NULA — CIFAR-10 Robust v1
Full-Parameter Fine-Tuning of NULA under Stochastic Perturbation Reweighting
Evolution: Fine-Tuning for Improved Robustness–Accuracy Tradeoff
NULA v1 is obtained via full-parameter fine-tuning of NULA v0 under a second modification of its training distribution emphasizing stochastic perturbations and aggressively weighted sampling operators
Across structured sampling perturbations, v1 remains functionally close to v0. The primary measurable change is a stable improvement under isotropic Gaussian noise.
Local sensitivity to stochastic perturbations was reduced, while the sampling-invariant representation learned in v0 is preserved.
Approach
During fine-tune, we reaugmented the training distribution under the same dataset CIFAR-10.
First, Uniform Amplitude Perturbation: we inject small, independent per-pixel photometric perturbations prior to sampling-style transforms. The model can no longer rely on absolute per-channel intensity statistics.

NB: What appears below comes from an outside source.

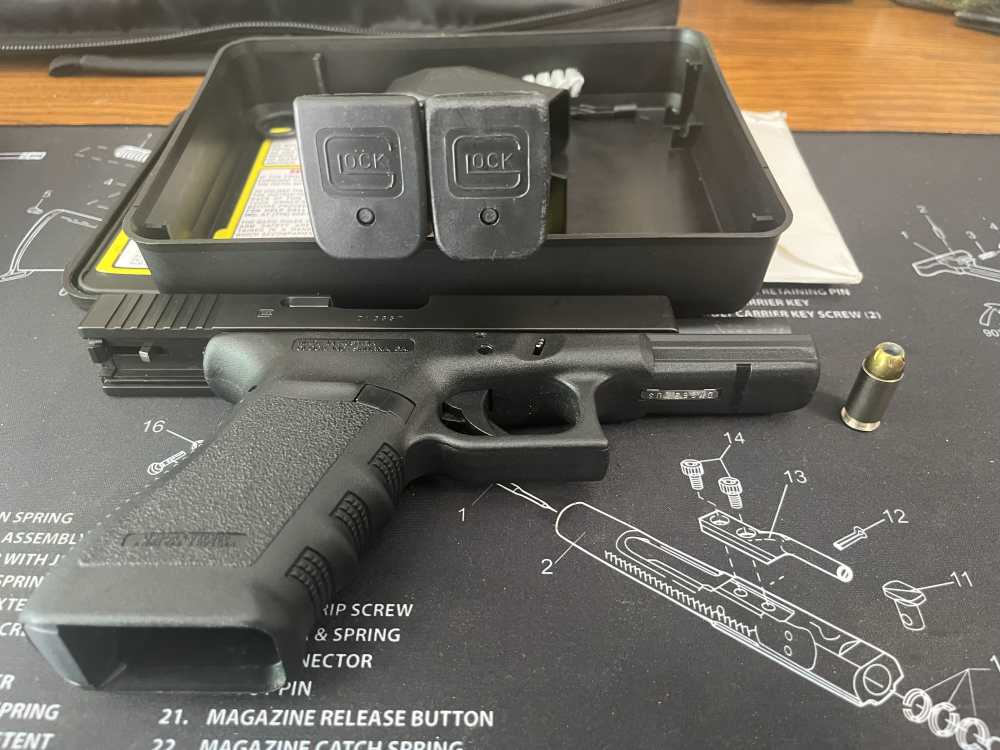 Very Nice Factory Glock 21C Gen 3 complete w/Tub, mags, paperwork, etc.  -img-14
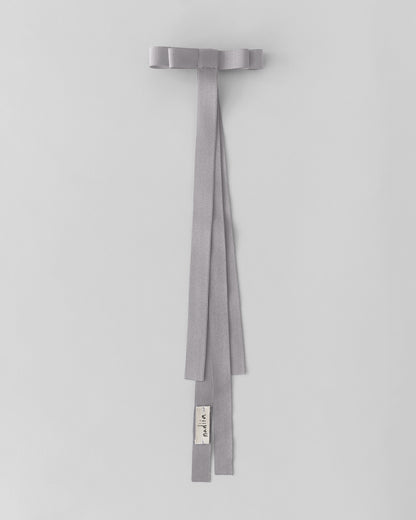 Купіть виріб ручної роботи Ribbon Barette Grey Haze Jul x Nadiia від Nadiia World. Ідеальний вибір для додавання вишуканості та шарму до вашого житлового простору або колекції особистих аксесуарів.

x_image = x * std + mean color_jitter = pt.empty_like(x_image).uniform_(-0.05, 0.05) x_image[mask_aug] = (x_image[mask_aug] + color_jitter[mask_aug]).clamp(0.0, 1.0)Second, Weighted Curated Sampling: we bias the transformation distribution toward resize-based projection operators by increasing their sampling probability.
probs = pt.tensor([0.5, 0.3, 0.2], device=x.device) choices = pt.multinomial(probs, B, replacement=True)Third, Aggressive Scale Compression: we further tightening the information bottleneck lowering the upper bound from 0.6 to 0.45, forcing representations to remain stable under aggressive spatial compression
scales = pt.empty(mask_resize.sum(), device=x.device).uniform_(0.2, 0.45) # was (0.2, 0.6)
To avoid catastrophic forgetting of the v0 weights, we utilized a Sequential Learning Rate strategy:
Learning Rate: 5 x 10^-5 (Reduced from v0's 1 - 10^-3 to ensure surgical weight updates).
Warmup Phase: 2 epochs of LinearLR to stabilize gradients under the new adversarial noise distribution.
Decay Phase: 8 epochs of CosineAnnealingLR to allow the weights to keep updates small and smooth during local refinement.
This induces a non-uniform operator distribution, increasing exposure to projection-based degradations during training.
EVALUATION
| Category | Perturbation Method | v0 (Base) | v1 (Fine-Tuned) | Δ |
|---|---|---|---|---|
| Baseline | Clean (CIFAR-10 Test) | 89.42% | 89.50% | +0.08% |
| Resolution | Resize (0.5 Scale) | 85.37% | 85.33% | -0.04% |
| Resize x0.25 - Bilinear | 71.80% | 71.31% | -0.49% | |
| Resize x0.5 - Bicubic | 84.47% | 84.41% | -0.06% | |
| Resize x0.25 - Bicubic | 65.69% | 65.56% | -0.13% | |
| Resize x0.5 - Nearest | 85.02% | 84.91% | -0.11% | |
| Sampling | Decimate (x2 Factor) | 85.01% | 84.91% | -0.10% |
| Checkerboard ε = 0.03 | 89.43% | 89.53% | +0.10% | |
| Checkerboard ε = 0.05 | 89.39% | 89.45% | +0.06% | |
| Compositional | Resize x0.5 + Decimate x2 | 82.91% | 82.09% | -0.82% |
| Decimate x2 + Resize x0.25 | 70.60% | 70.68% | +0.08% | |
| Resize x0.5 + Checkerboard x0.03 | 85.31% | 85.34% | +0.03% | |
| Spatial | Shift X (1-pixel) | 89.18% | 89.36% | +0.18% |
| Shift Y (1-pixel) | 89.03% | 89.11% | +0.08% | |
| Shift XY (Diagonal 1-pixel) | 88.62% | 88.83% | +0.21% | |
| Photometric | Brightness (+0.10) | 88.95% | 89.03% | +0.08% |
| Contrast (0.80) | 89.23% | 89.28% | +0.05% | |
| Grayscale (Full Mix) | 79.87% | 80.07% | +0.20% | |
| Noise/Blur | Gaussian Blur (k=5, σ=1.0) | 86.39% | 86.11% | -0.28% |
| Gaussian Noise σ = 0.05 | 84.27% | 87.40% | +3.13% |
Empirically, the resulting fine-tuned model remains almost unchanged across structured and compositional perturbations. The most significant gain came from the Gaussian Noise perturbation.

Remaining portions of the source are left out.